How long has he been in the enclosure?

Reactions: Agree 1


----------



## Venom1080 (Apr 16, 2016)

substrate should be bone dry. that might be the reason hes climbing. +1 to  what Sana said as well. regardless, increase substrate level to the point where theres a space no higher than 1.5DLS.

Reactions: Agree 3


----------



## cold blood (Apr 16, 2016)

How big is the t?

Reactions: Agree 1


----------



## MetallicArachnid (Apr 16, 2016)

Do you mist the substrate at all or is it a new enclosure? What kind of substrate are you using, if the T is climbing it may be a sign that something isn't ideal in the enclosure.


----------



## mistertim (Apr 16, 2016)

Yeah definitely need more info. Did anything change since he started doing this? Did you start to wet the substrate? New enclosure? If so, what is the difference from the old one? How big is the T?

Reactions: Agree 1


----------



## MetallicArachnid (Apr 17, 2016)

One thing to try assuming everything else is indeed ideal, you can try starting a burrow with a cork round and show him the burrow, G. Porteri will burrow if given the opportunity.


----------



## Haksilence (Apr 17, 2016)

MetallicArachnid said:


> One thing to try assuming everything else is indeed ideal, you can try starting a burrow with a cork round and show him the burrow, G. Porteri will burrow if given the opportunity.


G porteri are notorious for avoiding hides in captivity, it might work, but I've never had any of my adult grammostola use a hide more than like 2 times when they are first rehoused. 

If the substrate is damp at all they will probably avoid it and seek out a drier less humid spot. This species thrives on bone dry substrate, so if you are misting or anything, stop it, and maybe consider the level of ventilation you have as it could be overly humid

Reactions: Agree 1


----------



## Judasennnis (Apr 17, 2016)

Sana said:


> How long has he been in the enclosure?


About a month.


----------



## Judasennnis (Apr 17, 2016)

Venom1080 said:


> substrate should be bone dry. that might be the reason hes climbing. +1 to  what Sana said as well. regardless, increase substrate level to the point where theres a space no higher than 1.5DLS.

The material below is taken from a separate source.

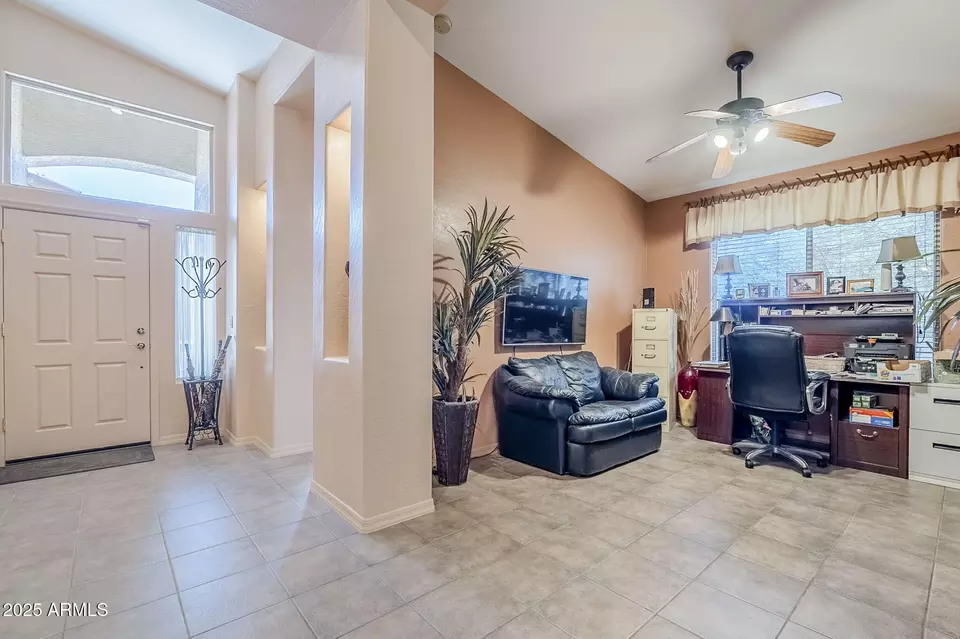 Entry Way - 6620 S Front Nine Dr, Gold Canyon, AZ 85118 photo 2 of 3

It is bone dry, I checked to make sure when he started climbing. That's not the reason. And it is currently at 1DLS.


----------



## Judasennnis (Apr 17, 2016)

cold blood said:


> How big is the t?


6 DLS.


----------



## Judasennnis (Apr 17, 2016)

MetallicArachnid said:


> Do you mist the substrate at all or is it a new enclosure? What kind of substrate are you using, if the T is climbing it may be a sign that something isn't ideal in the enclosure.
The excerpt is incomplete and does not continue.